Le gouvernement italien a publié un rapport détaillant que 104 femmes ont été tuées par la violence de genre jusqu’à présent en 2022, dont 88 ont eu lieu dans la sphère affective ou familiale et 52 ont été victimes de leur partenaire ou ex-partenaire.
À l’occasion de la Journée contre la violence à l’égard des femmes, le rapport «Préjugés et violence à l’égard des femmes» publié par le ministère italien de l’intérieur montre que la violence à l’égard des femmes a augmenté de manière générale par rapport à l’année dernière.
Bien que les données montrent qu’en 2021, le nombre de victimes à cette période de l’année était de 109 femmes, il s’agit d’une baisse à peine ressentie, surtout après que 10 meurtres de femmes ont été enregistrés dans la semaine du 14 au 20 novembre de cette année dans le pays transalpin.

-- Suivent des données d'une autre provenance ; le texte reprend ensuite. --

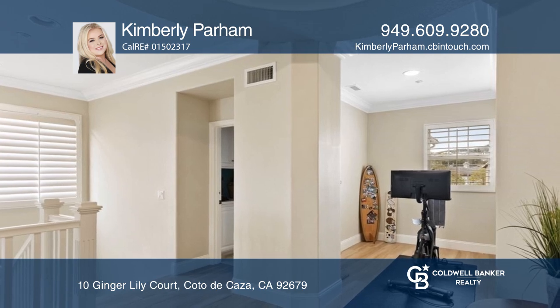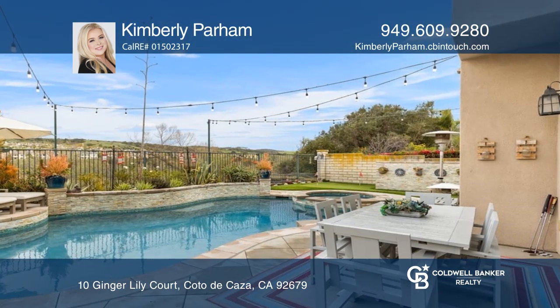Relax and enjoy the beautiful grounds with a pool, spa, waterfall and built-in barbecue.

Le rapport du ministère de l’Intérieur indique également que 4 416 agressions sexuelles ont été enregistrées en 2022 (soit 9 % de plus qu’en 2021), et que plus de 92 % des victimes sont des femmes.
On constate également une augmentation de 12 % du nombre de violations d’ordonnances d’interdiction temporaire et d’injonctions. En ce qui concerne le harcèlement en ligne, 194 plaintes de femmes ont été enregistrées, contre 151 en 2020.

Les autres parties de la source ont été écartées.